James Richardson, Senior Analyst at the Education Endowment Foundation, discusses how their Families of Schools database can help schools understand and overcome their common challenges.

For teachers, context is king. How can we understand the challenges of any one school until we have actually taught there? It might be true that nothing can substitute for hours in the classroom, and I’d agree that each school is unique, but it’s all too easy to forget that there are more similarities between schools than there are differences.

I began to appreciate this at the fourth school I taught in, a small secondary in a rural market town in Herefordshire. The challenges of improving results were the same as the large comprehensive in Manchester where I had been Head of Department: improving literacy levels, implementing effective behaviour systems, delivering effective CPD. But the context and student intake was radically different. It was less ethnically diverse than Manchester, with fewer Pupil Premium pupils and lower KS2 scores on average. To improve schools across the whole system, we need to understand the challenges common to all schools, and the specific challenges of particular student populations.

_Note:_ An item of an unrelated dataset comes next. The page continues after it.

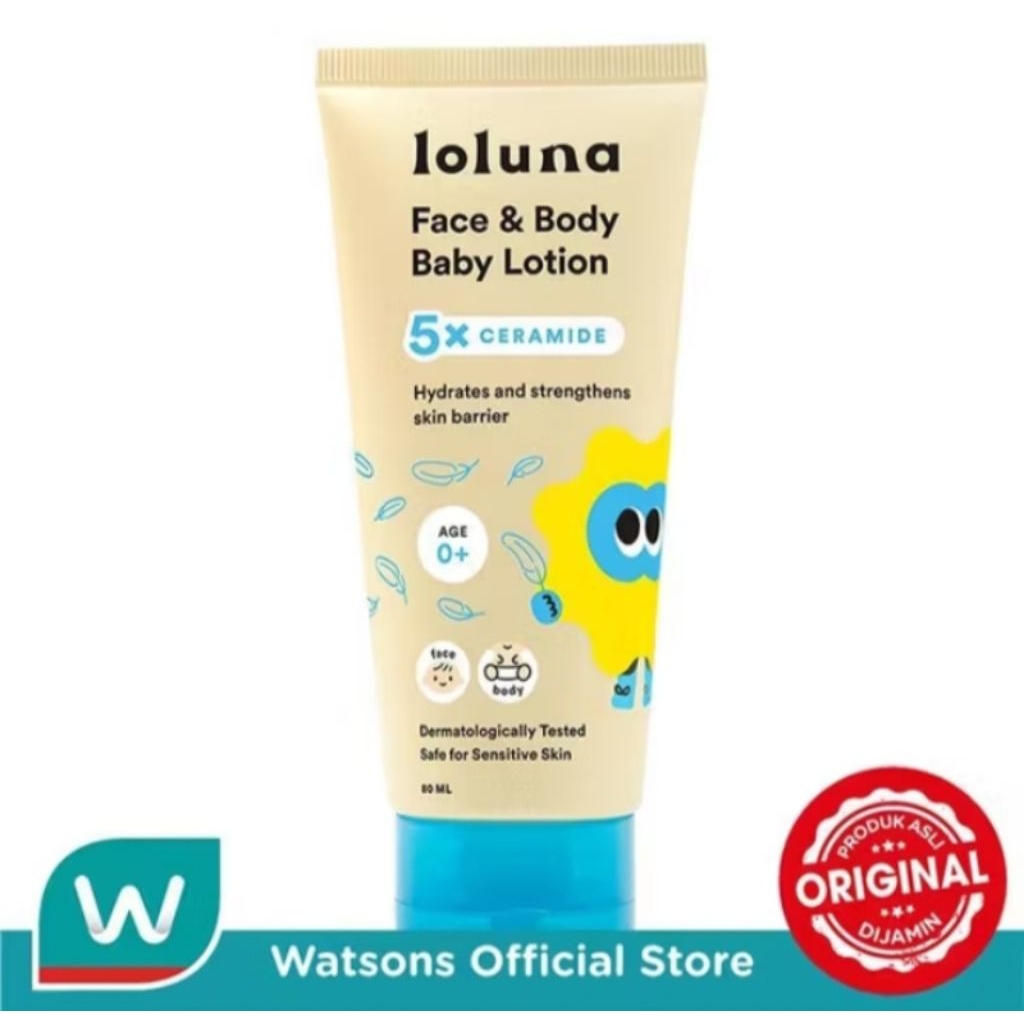 Loluna Face&Body Lotion-Krim Muka Dan Badan Bayi dan Anak/krim Untuk Newborn/5× Ceramide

The EEF’s Families of Schools database is designed to help with the latter. It groups similar schools together based on factors including prior attainment, percentage of pupils eligible for free school meals and the number of children with English as an additional language. The attainment of pupils on a range of measures can then be compared with similar schools, allowing schools to understand the size and nature of their attainment gap in relation to other similar institutions. The database provides a wealth of new information to help schools learn from the best performing institution in each family; you can read more about this here.

The secondary school database, launched last year, is now accessed by over 4,000 users each month. Today, we have added 14,000 primary schools to provide teachers with the same level of analysis, challenge and support that has been available to secondary schools for the last year.

Creating the the primary families has been a more complex task than secondaries: there are fewer pupils in each school, yet there are more schools. For small schools the low numbers of pupils means we cannot show all the data for the sub-groups. We attempt to get round this by averaging data over 5 years. Of course, we run the risk of not picking up recent trends in results, but our pilot schools told us the trade off was worth it in order to identify similar schools and benchmark performance.

All of the secondary school information has been refreshed with the latest available data and you’ll notice a number of coloured flags atop many of the school bars. These identify schools in our partner networks: Teaching Leaders, Future Leaders, Challenge Partners and London Gold Club. The Families of Schools is intended to encourage collaboration between schools so that they can challenge and support one another to improve – something that is undoubtedly strengthened by identifying schools from within existing networks and building these relationships.

Where next?

The Families of Schools database is a useful tool in its own right: we all have much to learn from colleagues in other schools facing similar challenges. But a question that often emerges in our discussions with teachers is can we link the database so that it identifies the most promising teaching evidence-based strategies and interventions ‘for schools like ours’? Are particular interventions more effective for pupils with English as an additional language or low attainers? The evidence base is not yet sophisticated enough to deal with such nuances, but we know that when context is king, this is where we must look next.